A ellas también les gusta mirar

El cine, como el arte en general, ha representado con gran profusión el cuerpo femenino desnudo como representación de lo más bello de la vida y prácticamente siempre como objeto de deseo masculino.  No sin enfrentarse a grandes conflictos para derribar los muros (esa palabra que un presidente impresentable ha puesto tan de moda) que los enemigos de la libertad creativa, los enemigos del gozo y el placer, han erigido en forma de censura directa o indirecta a lo largo de siglos de Historia del Arte, y a lo largo del último en el ámbito del cine.

Los tabúes fueron cayendo en algunos períodos felices y en otros volvieron a renacer. Uno de esos tabúes pretende negar que a las mujeres también les puede apetecer ser “voyeurs” y disfrutar contemplando a hombres desnudos. En la pantalla son escasísimos los ejemplos en que vemos a alguna mujer en esta actitud.

Sobre la marcha recuerdo una secuencia de alto voltaje erótico (para los estándares al uso, bien entendido) en Descenso (Descent, 2007) en la que Rosario Dawson completamente vestida le pide a un individuo de aspecto chulesco que se desnude para ella; éste obedece y Talia Lugacy, la directora, muestra un “full frontal nude” (desnudo frontal integral) de Chad Faust, a quien Rosario venda los ojos y comienza a acariciar para mayor deleite propio y ajeno.

Descenso está producida por Talia Lugacy y Rosario Dawson, escrita y dirigida, como digo, por la primera e interpretada por la segunda, lo que seguramente tiene mucho que ver con esa reivindicación del cambio de roles en la escena citada. Aunque sobre el contenido ideológico –la venganza, el ojo por ojo- y otras valoraciones artísticas ahora no me detendré por ser más dudosas y no venir al caso.

Diez años más tarde no sabemos si esta escena hubiera sido un obstáculo  para la exhibición del filme. ¿Por qué lo dudo? Porque los guardianes de la pureza y la castidad volvieron a dar la nota en España emprendiéndola con una delicada y a la vez, por lo que se ve, atrevida película que muestra una situación en la que una joven adolescente asume un rol dominante en una relación erótico-visual frente al hombre.

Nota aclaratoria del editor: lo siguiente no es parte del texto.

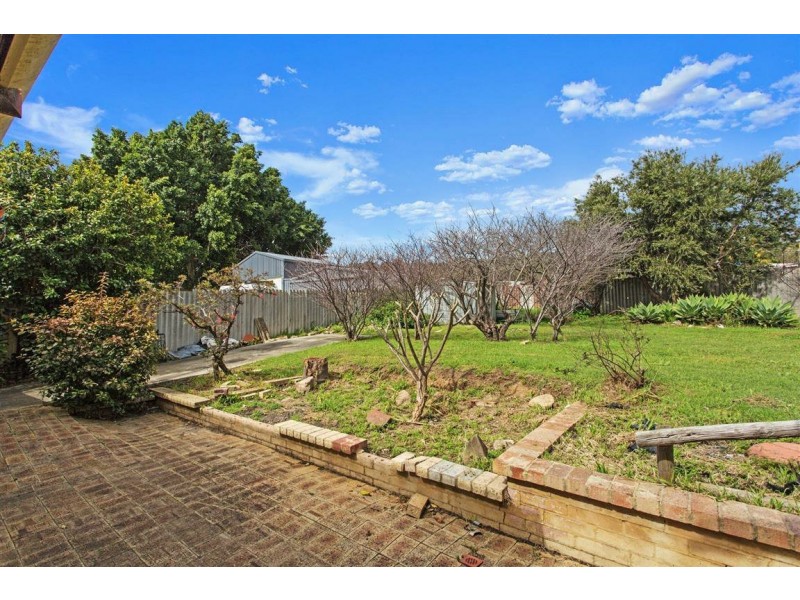 139 Brookton Highway, Kelmscott WA 6111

Se trata de Las plantas, filme chileno de 2015 dirigido por Roberto Doveris, cuyo estreno a finales de enero de este año algunas salas decidieron cancelar, alarmados sus retrógrados propietarios por alguna secuencia que consideraban inasumible para sus estrechas mentes. La tachaban de pornográfica porque mostraba sin tapujos un sexo masculino en actitud de presenten armas, y peor aún; ¡la protagonista, unas veces vestida y otras desnuda, le pedía al poseedor de la joya que se masturbara ante ella! Si se preguntan qué salas pudieron ser, deduzcan: una producción pequeña dirigida a un público cinéfilo y minoritario. Hasta ahí puedo señalar porque mi fuente no ha sido capaz de darme nombres.

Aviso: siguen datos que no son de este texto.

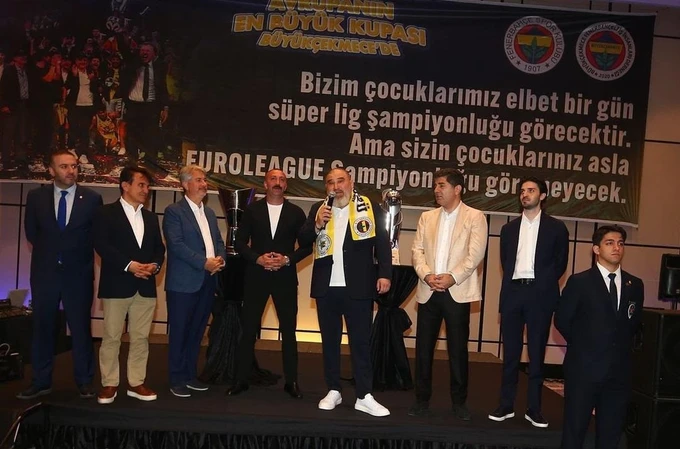 Fenerbahçe Taraftarını Kızdıran Pankart!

El ICAA se medio sumó a la fiesta calificándola de “No recomendada para menores de 16 años”. Paradójicamente y como adelantándose a la estupidez y para darle una lección a los funcionarios de en qué época viven, el filme había obtenido en el Festival de Cine de Berlín el Premio del Jurado a la Mejor Película en la sección Generation 14+ y una Mención especial del Jurado Joven. Vaya, que los escandalizados, como sucede siempre, se comportan como carcamales.

«Básicamente lo que hay en la secuencia son penes en primer plano y hombres masturbándose y ella con ropa. En verdad es súper feminista el tratamiento de la escena» decía entre sorprendido y resignado el director de la película, Roberto Doveris. Un punto de ingenuidad sí que tiene, el angelito. Aquí, parece ser, con la Iglesia hemos topado, aunque esta vez la Santa Inquisición actuó por vía interpuesta, sin necesidad de tener que pronunciarse directamente. En Chile, por el contrario, fue considerada uno de los títulos más destacados de la temporada. Esto es lo que hay.

Las Plantas combina la osadía de su puesta en escena con el cuidado y la sensibilidad de una mirada heterosexual femenina al acercarse a los deseos de exploración en la iniciación sexual de una joven, magníficamente interpretada, por cierto, por Violeta Castillo, que también ha compuesto algunas músicas para el filme. Un sapo demasiado grande para el estómago de mentes retrógradas.